Wiederum lassen sie ihre Künste miteinander in Dialog treten. Dabei offenbaren sich Musik und Poesie gegenseitig und manches Verborgene wir hörbar. Kolja Lessing und Elazar Benyoëtz spannen in ihrem Programm einen weiten Bogen. Musikalisch reicht er von Johann Sebastian Bach bis zu Paul Ben-Haim, dem aus München stammenden israelischen Komponisten. Auch ein Werk von Walter Lessing, dem Vater von Kolja Lessing, wird als Uraufführung erklingen. Elazar Benyoëtz liest u. a. seine tiefgründigen Aphorismen.

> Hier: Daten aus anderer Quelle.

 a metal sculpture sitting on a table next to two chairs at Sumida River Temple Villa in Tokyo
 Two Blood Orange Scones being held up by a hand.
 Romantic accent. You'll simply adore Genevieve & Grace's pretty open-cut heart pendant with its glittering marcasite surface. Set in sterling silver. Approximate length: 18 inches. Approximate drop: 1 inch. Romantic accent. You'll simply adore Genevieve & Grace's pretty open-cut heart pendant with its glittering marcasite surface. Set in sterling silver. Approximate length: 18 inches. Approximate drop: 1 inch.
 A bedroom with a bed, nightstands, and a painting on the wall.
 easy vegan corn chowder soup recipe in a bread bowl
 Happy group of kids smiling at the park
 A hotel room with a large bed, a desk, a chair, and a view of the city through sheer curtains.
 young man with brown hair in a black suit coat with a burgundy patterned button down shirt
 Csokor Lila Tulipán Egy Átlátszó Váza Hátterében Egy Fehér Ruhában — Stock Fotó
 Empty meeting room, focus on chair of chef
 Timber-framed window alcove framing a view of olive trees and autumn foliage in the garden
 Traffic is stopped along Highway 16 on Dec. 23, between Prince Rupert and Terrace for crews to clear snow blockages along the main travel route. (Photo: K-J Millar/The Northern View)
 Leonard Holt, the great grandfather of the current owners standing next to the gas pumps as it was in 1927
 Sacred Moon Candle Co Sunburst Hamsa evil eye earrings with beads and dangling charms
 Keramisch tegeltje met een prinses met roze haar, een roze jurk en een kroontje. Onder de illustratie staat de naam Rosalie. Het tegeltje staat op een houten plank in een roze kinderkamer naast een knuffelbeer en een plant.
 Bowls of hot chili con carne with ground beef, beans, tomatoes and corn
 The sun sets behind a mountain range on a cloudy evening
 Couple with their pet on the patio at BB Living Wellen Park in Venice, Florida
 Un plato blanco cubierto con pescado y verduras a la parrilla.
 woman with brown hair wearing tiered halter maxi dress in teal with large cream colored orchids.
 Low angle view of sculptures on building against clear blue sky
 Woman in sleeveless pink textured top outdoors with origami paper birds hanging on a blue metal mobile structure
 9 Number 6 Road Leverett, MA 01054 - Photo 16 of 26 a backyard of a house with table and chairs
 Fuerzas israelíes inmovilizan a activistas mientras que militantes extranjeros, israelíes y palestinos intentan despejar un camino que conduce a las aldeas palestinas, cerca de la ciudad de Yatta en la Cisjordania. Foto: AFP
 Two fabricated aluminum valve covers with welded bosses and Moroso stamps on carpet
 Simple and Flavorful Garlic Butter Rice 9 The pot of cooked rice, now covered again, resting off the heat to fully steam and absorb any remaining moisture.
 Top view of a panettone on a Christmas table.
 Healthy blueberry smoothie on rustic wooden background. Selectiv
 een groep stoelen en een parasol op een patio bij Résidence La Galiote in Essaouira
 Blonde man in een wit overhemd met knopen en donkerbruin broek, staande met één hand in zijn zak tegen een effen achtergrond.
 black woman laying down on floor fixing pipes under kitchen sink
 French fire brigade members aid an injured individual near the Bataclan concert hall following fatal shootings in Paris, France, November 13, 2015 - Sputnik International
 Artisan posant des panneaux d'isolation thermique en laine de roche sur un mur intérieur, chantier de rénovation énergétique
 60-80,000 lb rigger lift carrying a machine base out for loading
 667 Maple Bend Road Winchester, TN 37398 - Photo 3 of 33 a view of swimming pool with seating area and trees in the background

KOLJA LESSING, Professor für Violine und Kammermusik an der Musikhochschule Stuttgart, ist einer der vielseitigsten Musiker unserer Zeit. Als Geiger und

Pianist verbindet er interpretatorische mit wissenschaftlicher Arbeit und hat so dem Musikleben prägende Impulse verliehen. Eine ganze Reihe von Werken verdankt ihre Wiederentdeckung seinem Einsatz. Sein breites Repertoire reicht in stilistisch differenzierten Auseinandersetzungen vom Barock bis zur Moderne und wird in international ausgezeichneten CD-Produktionen gespiegelt.

In Anerkennung seines Engagements für verfemte Komponisten erhielt er 1999 den Johann-Wenzel-Stamitz-Sonderpreis, 2008 wurde er mit dem Deutschen

Kritikerpreis für Musik ausgezeichnet.

 

Elazar Benyoëtz wurde 1937 als Sohn österreichischer Juden in Wiener Neustadt geboren und ist 1938 mit der Familie nach Palästina emigriert, wo er seit 1939 in Jerusalem lebt und zum hebräischen Dichter heranwuchs. 1959 hat er das Rabbinerexamen abgelegt. Zwischen 1964 und 1968 wohnte er in Berlin, wo er 1964 die Bibliographia Judaica gründete. Benyoëtz schrieb seine ersten Gedichtbände auf Hebräisch, seine Essays und Aphorismenbände (seit 1969) sind fast ausschließlich in deutscher Sprache erschienen. Thema seiner Bücher ist neben religiösen Stoffen oft die Sprache selbst. Robert Menasse nennt ihn seinen Rabbi der deutschen Sprache.

Karten zum Preis von 17,- € bzw. 9,- € für Ermäßigungsberechtigte sind in der Kamenz Information erhältlich. An der Abendkasse beträgt der Eintrittspreis 19,- €.